And though the fan-favorite series was allowed one more season to conclude its narrative rather than being abruptly and suddenly cut, its fourth and final outing was given only a bare fraction of its normal budget to do so, thus requiring its production team to make cuts across every department, including its visual effects teams and writer’s room.
However, while NexStar’s desire to turn a profit on their investment was initially framed as the sole reason for Superman & Lois‘ cancellation, according to The CW President of Entertainment Brad Schwartz, it was actually brought to an end on the direct orders of Warner Bros. Discovery out of deference to their upcoming DC cinematic reboot plans.
Speaking to the network’s future under its new ownership during a February 2024 interview with The Wrap‘s Kayla Cobb and Jose Alejandro Bastidas, Schwartz said of The CW’s ongoing reshuffling, “The business we inherited lost a lot of money.

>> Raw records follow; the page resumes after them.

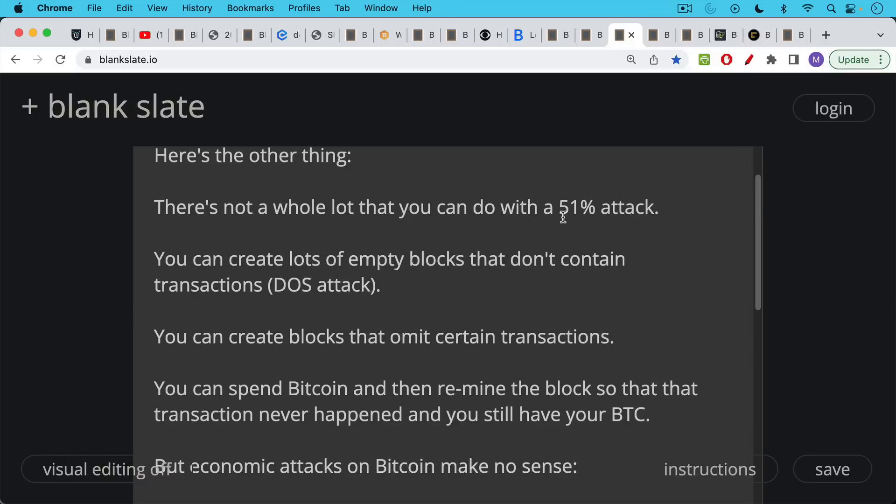What you can do is you can create lots of empty blocks that don't contain transactions. This would be like a denial of service attack. Again, if you only have 51% of the hash rate, only 51% of the blocks are going to be empty. The other 49% will have transactions in them. And so it will not be a pure denial of service attack. This is why you actually need much higher amounts of hash rate. If you want to do this attack seriously, you would want to have something like 70 or 80 or 90% of the hash rate, which would be even more difficult to attain, as we saw, because it's very difficult to get your hands on a lot of ASICs.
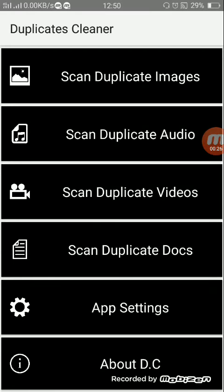You can download this app. First, let's see the Duplicate Videos section.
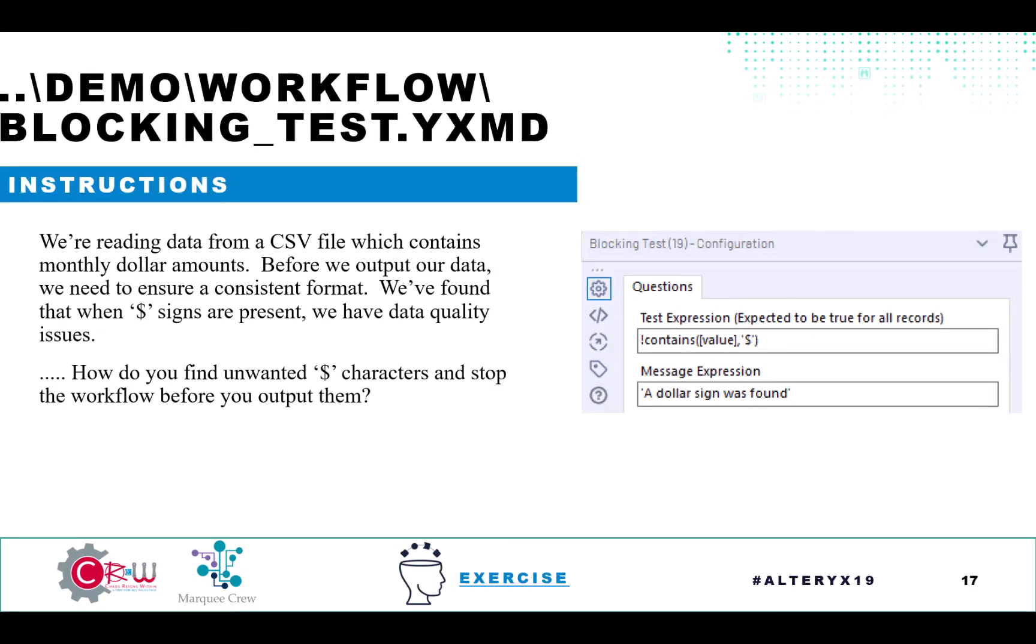So in our example, we found that when dollar signs are present in the data, it generally indicates some sort of an error. It could be E's for estimates, it could be really anything that you're looking for, negative values, whatever you might be looking for that you don't expect, or combinations of things that are going to cause the workflow to stop.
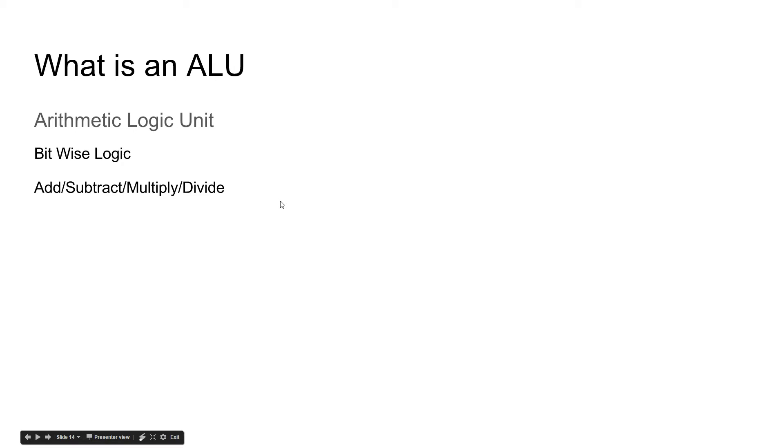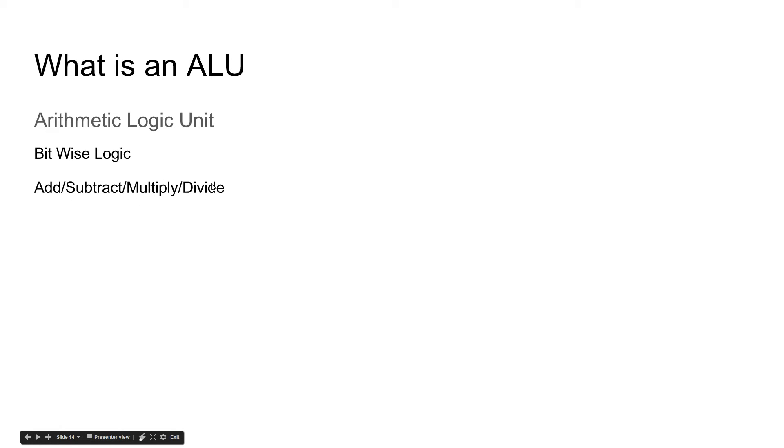So, add and subtract are definitely a must because you can't do multiply without add and you can't do divide without subtract. So, these are optional.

Maybe it did very well for Warner Bros. and CBS, but the actual business itself lost money.
“That’s not anyone’s fault,” he added. “That was the model.”
Turning to the specific topic of the four shows which The CW has committed to continuing following its purchase by NexStar – All American, All American: Homecoming, Walker, and, of course, Superman & Lois – Schwartz explained, “We went to our partners at CBS and Warner Bros., and we just were like, ‘We’re partners on these things, you sell them randomly around. Here’s our economics…’ We can’t keep losing the amount of money we were on the shows.”
Following this meeting, said the network exec, “Very collaboratively, everyone got together and we pushed these four shows forward.”
Unfortunately for fans, it seems this declaration was not a glimmer of hope but merely a slip of the tongue, as upon realizing he had included Superman & Lois in his ‘potential ongoing production slate’, Schwartz clarified that despite its continued success in the ratings, Warner Bros. Discovery had made it clear that “They don’t want a competing Superman product in the marketplace” when Superman: Legacy hits theaters next year.
While this reasoning comes across as both ironic and exceedingly thin-skinned on Gunn’s part given the fact that this is the same studio that has not only regularly embraced the multiverse but is still actively developing a ‘separate-from-all-universes’ Joker continuity, whether or not this torpedoing of one of the best live-action interpretations of Big Blue put to screen in years benefits or harms the new DCEU’s box office prospects remains to be seen when Superman: Legacy hits theaters on July 11th, 2025.
Meanwhile, Superman & Lois‘ final season is currently in production.